A New Life

20 10 2009

Well I’ve failed that project just three days in. The poem-a-day project was supposed to be an excuse for not having to write long blogs but seeing as I couldn’t even keep up with one measly poem every 24 hours, I thought I owed you a blog.
I’m entering the last five weeks of my programme here which means England beckons. As does my old life, which I came to America to get away from. Well, take a break is probably a better phrase, and it’s fair to say that’s exactly what I have done. My standard of living here could not be more different from home, and it is not neccessarily a good thing.
Before I was living in a tiny, yet cosy, flat in Tunbridge Wells. My lifestyle was modest and my economic approach meak. But I liked that. I lived well withing my means and didn’t need 1,000 commodities clogging up my small room. I lived a simple but ultimately very fun life. All I needed was my awesome flat mate and friends around me and I was happy. What other people had didn’t worry me.
Fast forward six months to Summer 2009 – Manhattan Beach, Los Angeles. For the last month I have been living with a very wealthy family near the beach. I’m staying in their guest house all on my own, which is a few yards from the main house. The house is large, beautifully decorated and filled with TVs, expensive furniture and modern gadets. Most importantly though, it is also filled with an amazing family, who have taken me in as one of their own, and as a result I’ve settled in quicker than my brother in front of a Die Hard DVD.
But I worry that subsconciously I am getting used to this lifestyle and returning home will be a shock to the system. Here my family take me out to dinner, back home I had to make do with what was left in the cupboards. Here my family but my clothes I need, back home I had to save up and then still go to a second-hand store. It’s brilliant living here, but it’s not my life. It’s theirs. I’m just a part of it for a small amount of time.
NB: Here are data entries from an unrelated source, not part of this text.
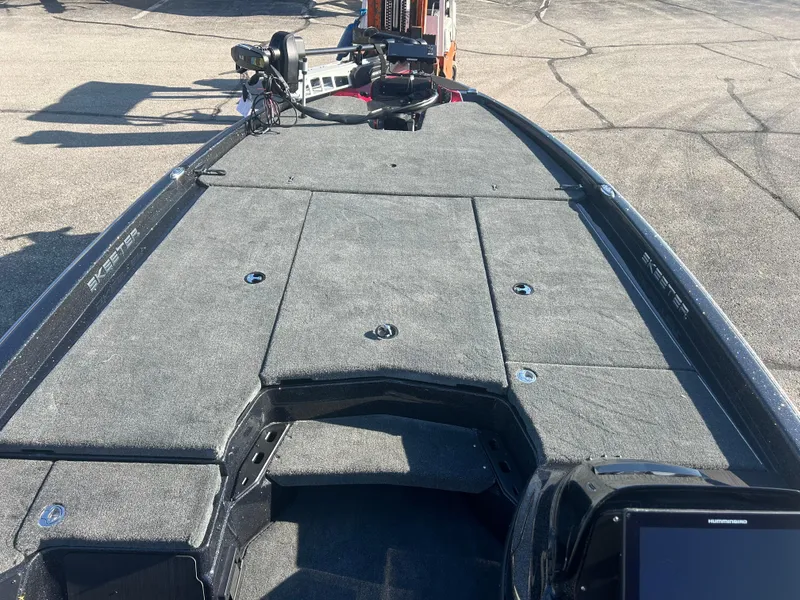 Slide: The Image of 2025 Skeeter ZXR21 boat deck with advanced fishing equipment. - 5
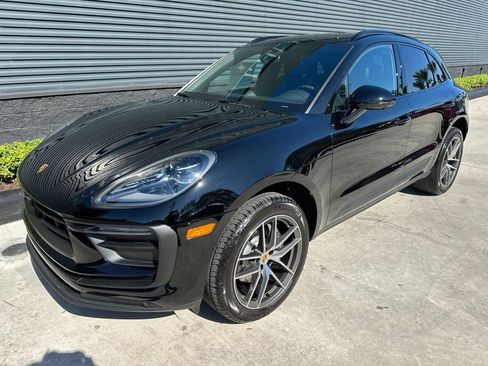 Used 2026 Porsche Macan AWD/4WD image 7
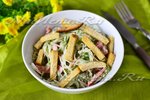 Легкий салат с колбасой и сухариками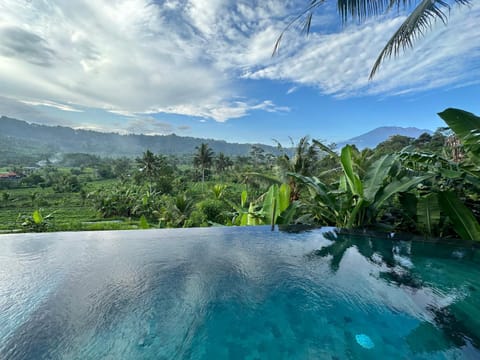 Nana Suites Villa Villa in Sidemen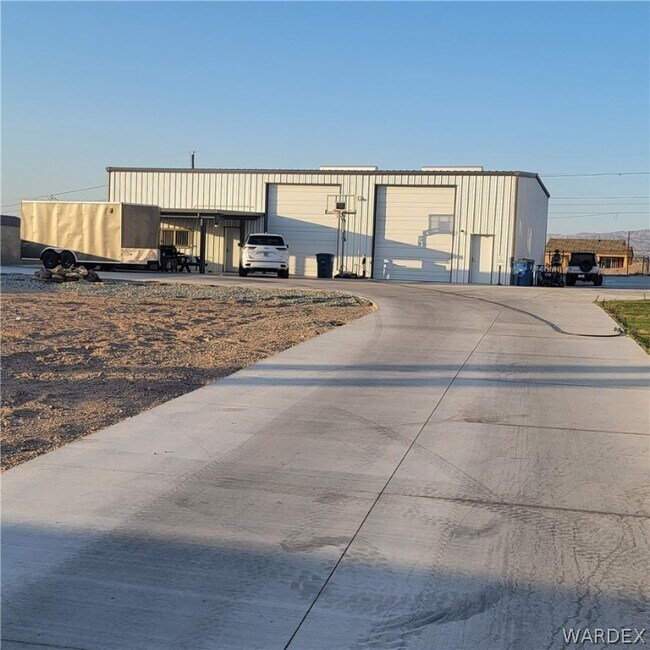 Building Photo - 1452 Luna Ln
That said, my family are building a new house around the corner (even closer to the beach) and I popped round to have a look today. I think it is fair enough to call it a mansion. Even that isn’t generous enough. It’s the sort of house you’d expect Usher to be showing you around on MTV Cribs. It has sea views, three floors, 10 plasma TVs, a bar, a theatre complete with confectionary stand, a lift from floor to floor, a pool, a hot tub, massive bedrooms, a bathroom for each room, and so on. I have never been in such a place and I doubt I ever will (unless I visit them next year). And yet they have designed it so well that despite being such a large space, every corner of every room is as homely as my flat in Tunbridge Wells was. Just slightly bigger. And with imported French bricks for the wine cellar.